In this thesis, we tackle this research gap of integrating the crowd in the annotation processes of music compositions. We surveyed current practices on Optical Music Recognition to identify parts where the crowd could assist, alongside proposing hybrid annotation workflows for music compositions. We studied the capabilities of online participants with unknown musical expertise, quantified their musical abilities, and related them to their performance in music annotation tasks. With our goal being to identify ways to expand the preservation efforts for classical music through the assistance of the general public, we investigated potential online sources of music information and prospective participants outside the currently available crowdsourcing platforms. To that end, we studied how composers’ popularity manifests on community-driven platforms through the interactions of music enthusiasts online. We also conducted interviews and focus group discussions with experts and semi-experts, to understand their quality requirements on semantically-rich digital music scores, and identified transcription patterns that could inform our task designs. We finally delivered our system architecture, which combines computer vision and algorithmic scheduling, with microtasks designed to be performed by human annotators in parallel.

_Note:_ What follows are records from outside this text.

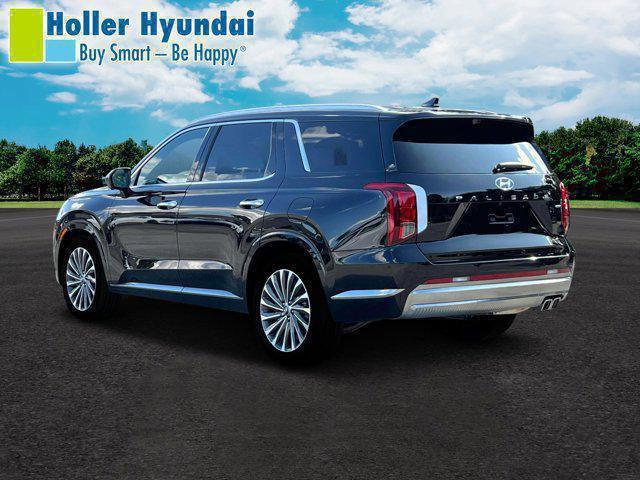 new 2025 Hyundai Palisade car, priced at $51,083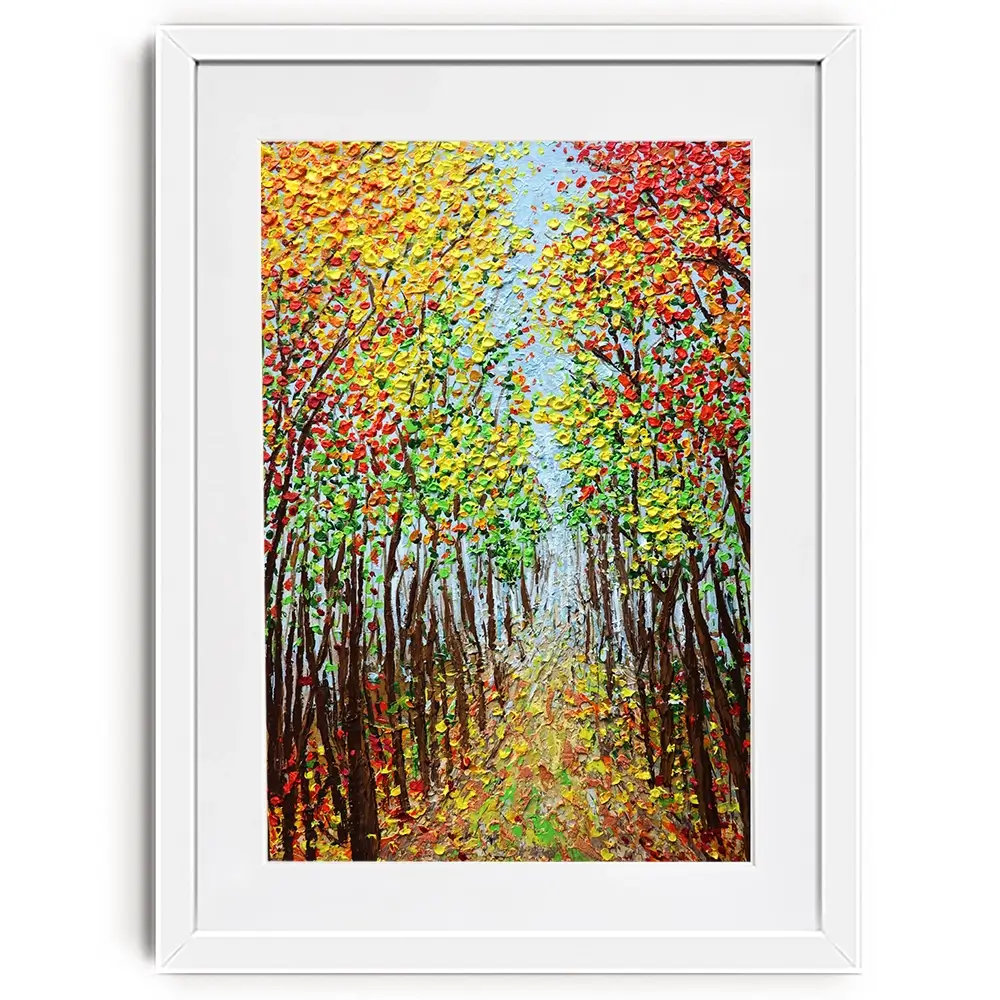 Driftwood In September Framed Art Print
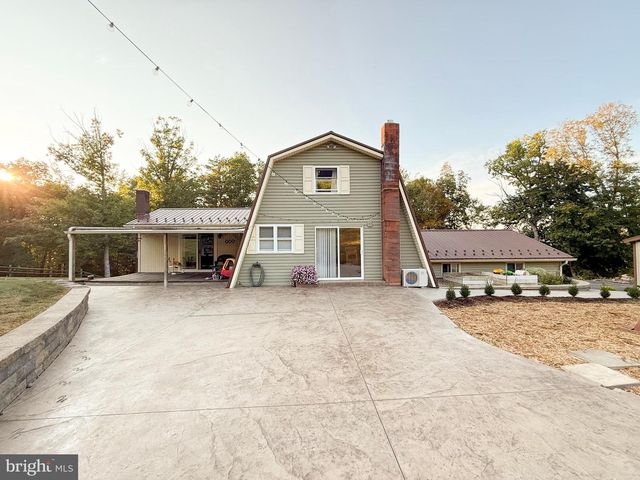 78 FAIRVIEW RD, Belleville, PA 17004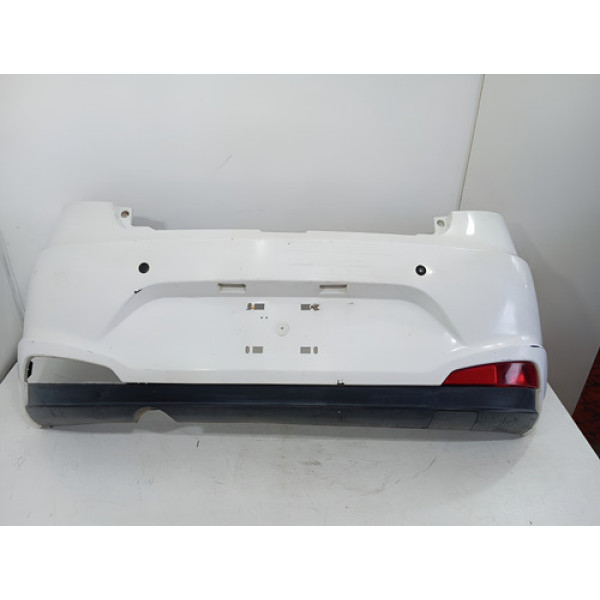 Parachoque Traseiro Chery Celler 2015 A 2018 Original 25574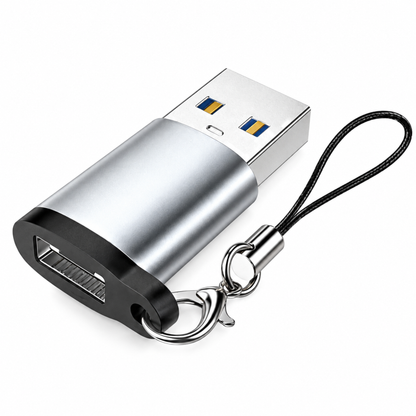 USB 3.0 Male to Type C Female Adaptor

Our findings show that with the right methods to quantify the musical competence of a person, paired with careful design of the annotation tasks and interfaces, we can successfully integrate the crowd in the music annotation processes, to generate meaningful and useful information regarding classical music compositions and beyond. This thesis enables future research by showcasing the versatility of the crowd and providing task design methods to accommodate their lack of formal training in the field. It also provides experimental methods to reliably identify how different music composition elements affect the crowd’s performance, alongside proposing user interface elements that can mediate the complexity of the artifacts. Practices such as those presented in this thesis can lead to scaling up our digitization efforts, generating accurate and useful annotations through the crowd, even in such domain-specific and knowledge-intensive topics as classical music compositions.